(Collected data entries)
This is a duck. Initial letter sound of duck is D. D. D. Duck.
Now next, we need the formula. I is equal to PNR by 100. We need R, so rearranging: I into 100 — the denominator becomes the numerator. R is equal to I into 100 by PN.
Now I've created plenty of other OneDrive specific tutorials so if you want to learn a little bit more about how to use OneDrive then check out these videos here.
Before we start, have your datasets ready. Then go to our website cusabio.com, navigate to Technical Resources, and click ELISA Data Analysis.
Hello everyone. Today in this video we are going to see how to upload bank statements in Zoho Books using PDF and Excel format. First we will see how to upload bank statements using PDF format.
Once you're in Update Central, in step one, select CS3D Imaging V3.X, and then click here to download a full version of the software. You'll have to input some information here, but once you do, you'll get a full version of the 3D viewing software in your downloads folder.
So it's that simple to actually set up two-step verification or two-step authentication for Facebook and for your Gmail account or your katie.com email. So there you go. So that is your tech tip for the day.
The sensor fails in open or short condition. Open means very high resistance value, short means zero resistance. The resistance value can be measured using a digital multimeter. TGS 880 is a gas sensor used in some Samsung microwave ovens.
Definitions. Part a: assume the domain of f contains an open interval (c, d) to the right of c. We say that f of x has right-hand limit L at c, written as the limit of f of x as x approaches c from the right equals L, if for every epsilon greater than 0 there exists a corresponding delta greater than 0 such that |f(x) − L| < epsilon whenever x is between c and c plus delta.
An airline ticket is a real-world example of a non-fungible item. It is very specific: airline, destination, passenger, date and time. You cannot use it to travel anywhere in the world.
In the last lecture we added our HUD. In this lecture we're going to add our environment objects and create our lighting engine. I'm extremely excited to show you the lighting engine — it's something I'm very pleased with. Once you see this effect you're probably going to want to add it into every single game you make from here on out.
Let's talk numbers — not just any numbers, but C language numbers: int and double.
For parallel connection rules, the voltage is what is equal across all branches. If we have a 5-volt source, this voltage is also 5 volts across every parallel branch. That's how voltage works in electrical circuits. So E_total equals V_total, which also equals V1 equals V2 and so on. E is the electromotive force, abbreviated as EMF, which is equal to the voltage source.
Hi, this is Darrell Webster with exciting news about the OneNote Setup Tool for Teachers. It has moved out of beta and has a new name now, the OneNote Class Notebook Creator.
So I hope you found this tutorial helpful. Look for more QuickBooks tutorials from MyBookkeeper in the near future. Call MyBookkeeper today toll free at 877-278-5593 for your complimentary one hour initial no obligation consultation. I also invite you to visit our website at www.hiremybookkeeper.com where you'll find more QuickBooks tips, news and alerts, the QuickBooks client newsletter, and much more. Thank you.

▶ [EXERCISE OBJECTIVE] Return each line of the data where the word "specific" appears.

▶ [SOLUTION TO THIS TASK]
Now I've created plenty of other OneDrive specific tutorials so if you want to learn a little bit more about how to use OneDrive then check out these videos here.
An airline ticket is a real-world example of a non-fungible item. It is very specific: airline, destination, passenger, date and time. You cannot use it to travel anywhere in the world.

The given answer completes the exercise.